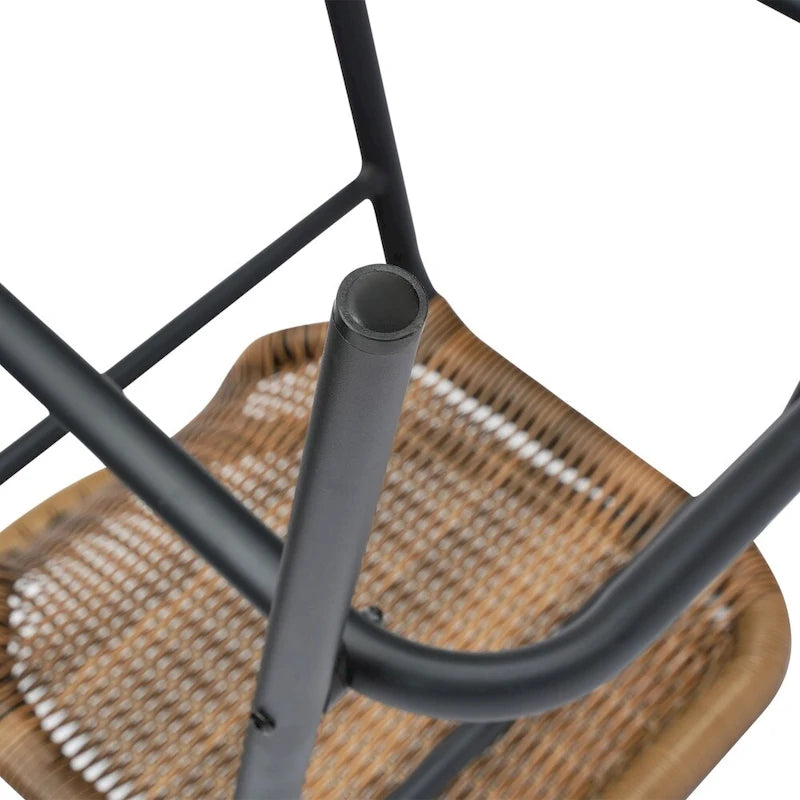 2PK Indoor/Outdoor Rattan Restaurant Barstools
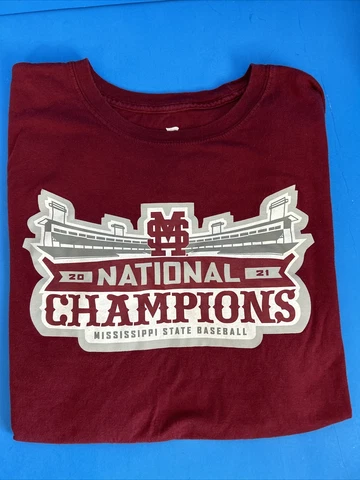 Mississippi State Bulldogs 2021 National Champions Fanatics T-Shirt Men's Sz XL Cover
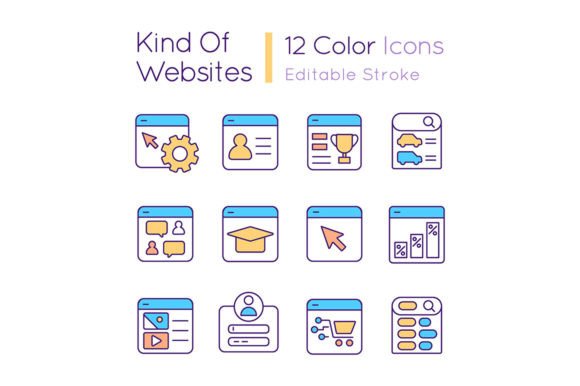 Kind of Websites Svg Color Icons Set Review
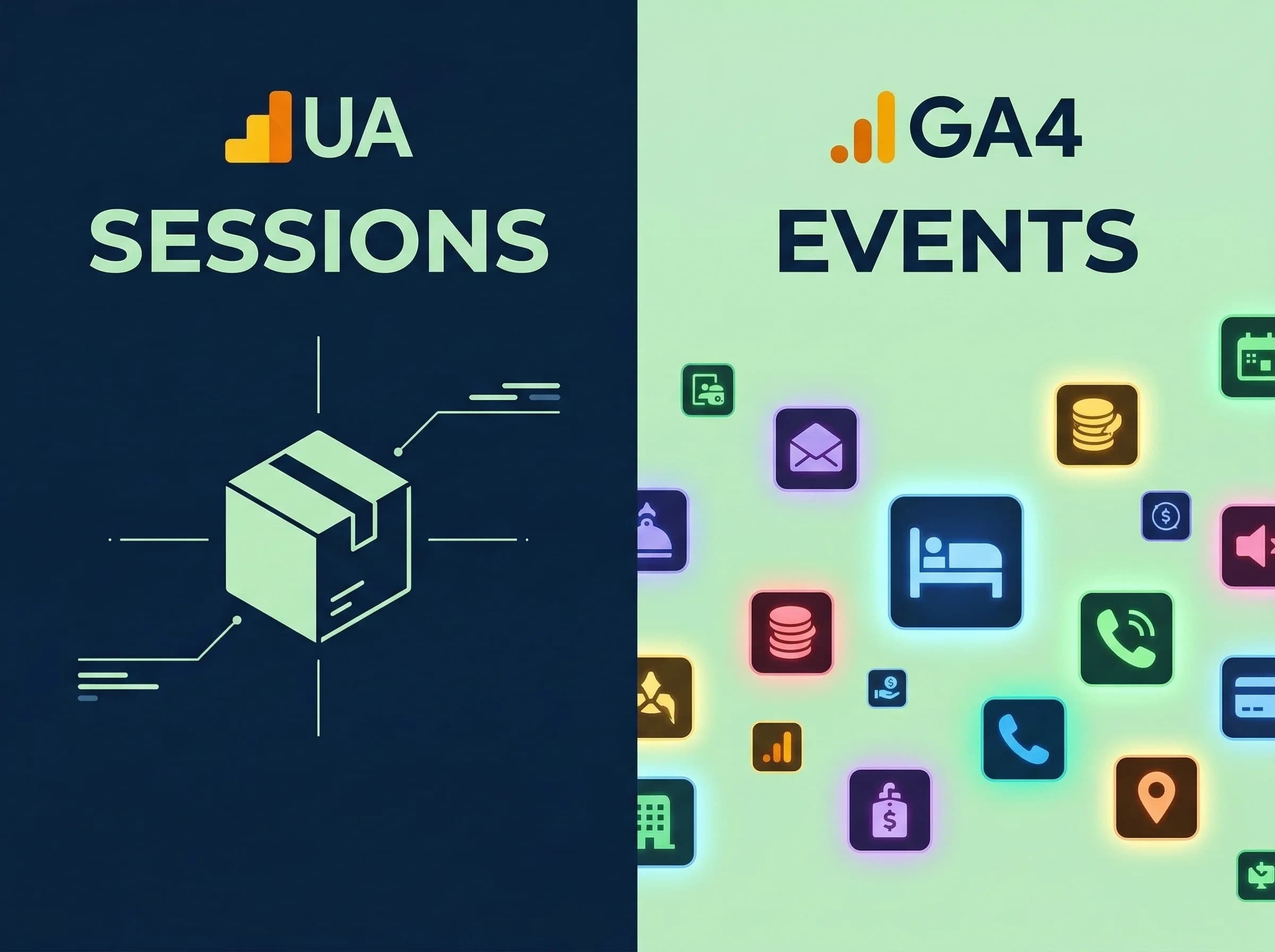 UA ve GA4 ölçüm mantığını otel dönüşüm bağlamında ayıran bölüm görseli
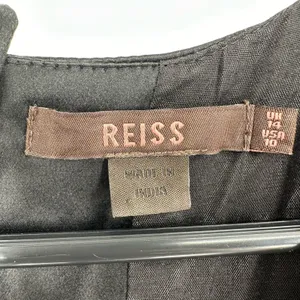 Reiss‎ Size 10 Dress Black Silk Sheath Beaded Geometric Short Sleeve Cocktail thumbnail 6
◇ ◇ ◇ ◇ ◇
Work to be completed: Please print exactly the lines from the line containing "Kind of Websites Svg Color Icons Set Review" through the end of the records above, both included, leaving out every picture.

Response:
 Kind of Websites Svg Color Icons Set Review
 UA ve GA4 ölçüm mantığını otel dönüşüm bağlamında ayıran bölüm görseli
 Reiss‎ Size 10 Dress Black Silk Sheath Beaded Geometric Short Sleeve Cocktail thumbnail 6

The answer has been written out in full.